◆ PROBLEM DETAILS
Under this line are the records; write out word for word the part that begins at the line containing "Enchanting Peach Organza" and ends at the line containing "Pretty Czech Glass", and no more.

[Web page caption snippets]

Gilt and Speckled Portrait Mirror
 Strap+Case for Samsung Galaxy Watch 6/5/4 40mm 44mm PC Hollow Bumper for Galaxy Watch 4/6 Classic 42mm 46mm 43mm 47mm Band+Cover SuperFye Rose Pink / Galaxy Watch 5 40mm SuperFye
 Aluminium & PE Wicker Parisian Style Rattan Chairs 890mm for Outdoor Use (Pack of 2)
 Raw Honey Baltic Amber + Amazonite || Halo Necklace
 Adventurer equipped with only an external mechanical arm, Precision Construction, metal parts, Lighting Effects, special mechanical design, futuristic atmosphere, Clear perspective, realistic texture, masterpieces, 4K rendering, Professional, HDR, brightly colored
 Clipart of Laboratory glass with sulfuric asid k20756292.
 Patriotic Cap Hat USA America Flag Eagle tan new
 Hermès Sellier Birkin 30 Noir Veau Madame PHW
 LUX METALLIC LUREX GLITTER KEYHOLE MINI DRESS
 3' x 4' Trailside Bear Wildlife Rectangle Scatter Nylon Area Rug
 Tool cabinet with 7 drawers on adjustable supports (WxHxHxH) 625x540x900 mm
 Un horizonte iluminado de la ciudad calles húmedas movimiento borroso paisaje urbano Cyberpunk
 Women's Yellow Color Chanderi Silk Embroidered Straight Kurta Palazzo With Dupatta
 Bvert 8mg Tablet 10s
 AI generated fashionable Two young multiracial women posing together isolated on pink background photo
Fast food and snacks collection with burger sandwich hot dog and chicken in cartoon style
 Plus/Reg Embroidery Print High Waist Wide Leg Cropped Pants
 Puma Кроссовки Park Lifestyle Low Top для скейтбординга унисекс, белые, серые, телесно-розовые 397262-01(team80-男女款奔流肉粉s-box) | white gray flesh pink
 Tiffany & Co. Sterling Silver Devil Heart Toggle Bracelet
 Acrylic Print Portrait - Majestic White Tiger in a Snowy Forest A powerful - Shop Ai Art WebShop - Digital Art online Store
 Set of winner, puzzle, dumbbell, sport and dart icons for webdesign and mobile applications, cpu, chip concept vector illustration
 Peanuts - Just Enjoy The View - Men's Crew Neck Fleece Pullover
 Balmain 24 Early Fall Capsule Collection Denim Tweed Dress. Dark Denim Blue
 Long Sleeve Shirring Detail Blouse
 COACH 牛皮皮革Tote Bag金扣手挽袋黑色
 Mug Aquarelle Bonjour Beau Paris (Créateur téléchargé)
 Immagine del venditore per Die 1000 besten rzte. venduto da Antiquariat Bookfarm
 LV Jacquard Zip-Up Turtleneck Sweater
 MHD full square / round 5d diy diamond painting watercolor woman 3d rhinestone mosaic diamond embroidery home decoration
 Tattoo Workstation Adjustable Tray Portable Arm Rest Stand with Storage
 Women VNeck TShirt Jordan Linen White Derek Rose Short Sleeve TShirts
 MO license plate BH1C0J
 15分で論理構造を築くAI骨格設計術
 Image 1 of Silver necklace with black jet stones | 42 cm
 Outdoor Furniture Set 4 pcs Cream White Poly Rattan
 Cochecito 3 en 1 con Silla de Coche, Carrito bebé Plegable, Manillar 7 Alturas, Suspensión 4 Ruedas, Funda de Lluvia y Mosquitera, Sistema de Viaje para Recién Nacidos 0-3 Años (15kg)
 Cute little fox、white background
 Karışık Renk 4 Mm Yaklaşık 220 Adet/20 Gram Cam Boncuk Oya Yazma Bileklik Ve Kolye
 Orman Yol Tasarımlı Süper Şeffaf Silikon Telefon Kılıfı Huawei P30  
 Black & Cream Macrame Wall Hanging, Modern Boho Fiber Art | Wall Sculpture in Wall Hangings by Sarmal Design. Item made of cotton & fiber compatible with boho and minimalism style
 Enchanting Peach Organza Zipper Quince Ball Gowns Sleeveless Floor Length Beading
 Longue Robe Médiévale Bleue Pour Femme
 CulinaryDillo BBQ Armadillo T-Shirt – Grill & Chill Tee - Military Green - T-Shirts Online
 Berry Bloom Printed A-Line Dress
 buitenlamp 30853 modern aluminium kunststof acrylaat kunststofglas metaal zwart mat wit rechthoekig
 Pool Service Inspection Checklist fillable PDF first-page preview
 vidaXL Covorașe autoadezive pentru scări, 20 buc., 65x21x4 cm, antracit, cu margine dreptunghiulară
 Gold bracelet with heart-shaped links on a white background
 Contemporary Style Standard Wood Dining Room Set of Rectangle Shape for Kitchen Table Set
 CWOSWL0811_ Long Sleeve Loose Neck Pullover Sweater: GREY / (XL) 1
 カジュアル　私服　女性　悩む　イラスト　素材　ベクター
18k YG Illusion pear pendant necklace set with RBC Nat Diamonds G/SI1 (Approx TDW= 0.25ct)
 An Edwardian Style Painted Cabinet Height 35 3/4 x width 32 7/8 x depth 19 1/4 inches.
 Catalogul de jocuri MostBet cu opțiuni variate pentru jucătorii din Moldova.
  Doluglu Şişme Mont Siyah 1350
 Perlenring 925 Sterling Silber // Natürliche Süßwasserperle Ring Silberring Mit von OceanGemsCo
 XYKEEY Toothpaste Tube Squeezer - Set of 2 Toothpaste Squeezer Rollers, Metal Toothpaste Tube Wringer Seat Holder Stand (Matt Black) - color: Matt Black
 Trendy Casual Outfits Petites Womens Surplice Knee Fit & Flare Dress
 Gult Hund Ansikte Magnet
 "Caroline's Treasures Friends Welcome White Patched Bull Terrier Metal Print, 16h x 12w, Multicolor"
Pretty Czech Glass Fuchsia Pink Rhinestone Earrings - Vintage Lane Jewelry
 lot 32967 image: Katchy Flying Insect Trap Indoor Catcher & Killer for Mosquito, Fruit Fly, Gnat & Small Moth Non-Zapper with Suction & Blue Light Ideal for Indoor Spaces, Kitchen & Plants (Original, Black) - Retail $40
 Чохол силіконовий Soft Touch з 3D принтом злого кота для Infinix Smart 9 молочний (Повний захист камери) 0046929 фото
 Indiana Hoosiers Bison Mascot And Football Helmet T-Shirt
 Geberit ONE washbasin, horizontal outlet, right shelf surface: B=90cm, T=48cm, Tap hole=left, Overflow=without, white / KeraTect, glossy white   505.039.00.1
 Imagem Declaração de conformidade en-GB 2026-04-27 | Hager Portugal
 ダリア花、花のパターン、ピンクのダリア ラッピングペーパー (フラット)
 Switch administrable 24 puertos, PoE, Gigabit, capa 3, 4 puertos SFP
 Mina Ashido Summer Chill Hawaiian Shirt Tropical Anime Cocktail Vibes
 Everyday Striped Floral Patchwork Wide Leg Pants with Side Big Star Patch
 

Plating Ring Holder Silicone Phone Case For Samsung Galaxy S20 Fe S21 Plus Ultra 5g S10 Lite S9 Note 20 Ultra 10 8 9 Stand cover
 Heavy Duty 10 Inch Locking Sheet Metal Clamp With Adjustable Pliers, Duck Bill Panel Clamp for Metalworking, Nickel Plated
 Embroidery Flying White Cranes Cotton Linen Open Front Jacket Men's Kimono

◆ SOLUTION TO THIS PROBLEM
 Enchanting Peach Organza Zipper Quince Ball Gowns Sleeveless Floor Length Beading
 Longue Robe Médiévale Bleue Pour Femme
 CulinaryDillo BBQ Armadillo T-Shirt – Grill & Chill Tee - Military Green - T-Shirts Online
 Berry Bloom Printed A-Line Dress
 buitenlamp 30853 modern aluminium kunststof acrylaat kunststofglas metaal zwart mat wit rechthoekig
 Pool Service Inspection Checklist fillable PDF first-page preview
 vidaXL Covorașe autoadezive pentru scări, 20 buc., 65x21x4 cm, antracit, cu margine dreptunghiulară
 Gold bracelet with heart-shaped links on a white background
 Contemporary Style Standard Wood Dining Room Set of Rectangle Shape for Kitchen Table Set
 CWOSWL0811_ Long Sleeve Loose Neck Pullover Sweater: GREY / (XL) 1
 カジュアル　私服　女性　悩む　イラスト　素材　ベクター
18k YG Illusion pear pendant necklace set with RBC Nat Diamonds G/SI1 (Approx TDW= 0.25ct)
 An Edwardian Style Painted Cabinet Height 35 3/4 x width 32 7/8 x depth 19 1/4 inches.
 Catalogul de jocuri MostBet cu opțiuni variate pentru jucătorii din Moldova.
  Doluglu Şişme Mont Siyah 1350
 Perlenring 925 Sterling Silber // Natürliche Süßwasserperle Ring Silberring Mit von OceanGemsCo
 XYKEEY Toothpaste Tube Squeezer - Set of 2 Toothpaste Squeezer Rollers, Metal Toothpaste Tube Wringer Seat Holder Stand (Matt Black) - color: Matt Black
 Trendy Casual Outfits Petites Womens Surplice Knee Fit & Flare Dress
 Gult Hund Ansikte Magnet
 "Caroline's Treasures Friends Welcome White Patched Bull Terrier Metal Print, 16h x 12w, Multicolor"
Pretty Czech Glass Fuchsia Pink Rhinestone Earrings - Vintage Lane Jewelry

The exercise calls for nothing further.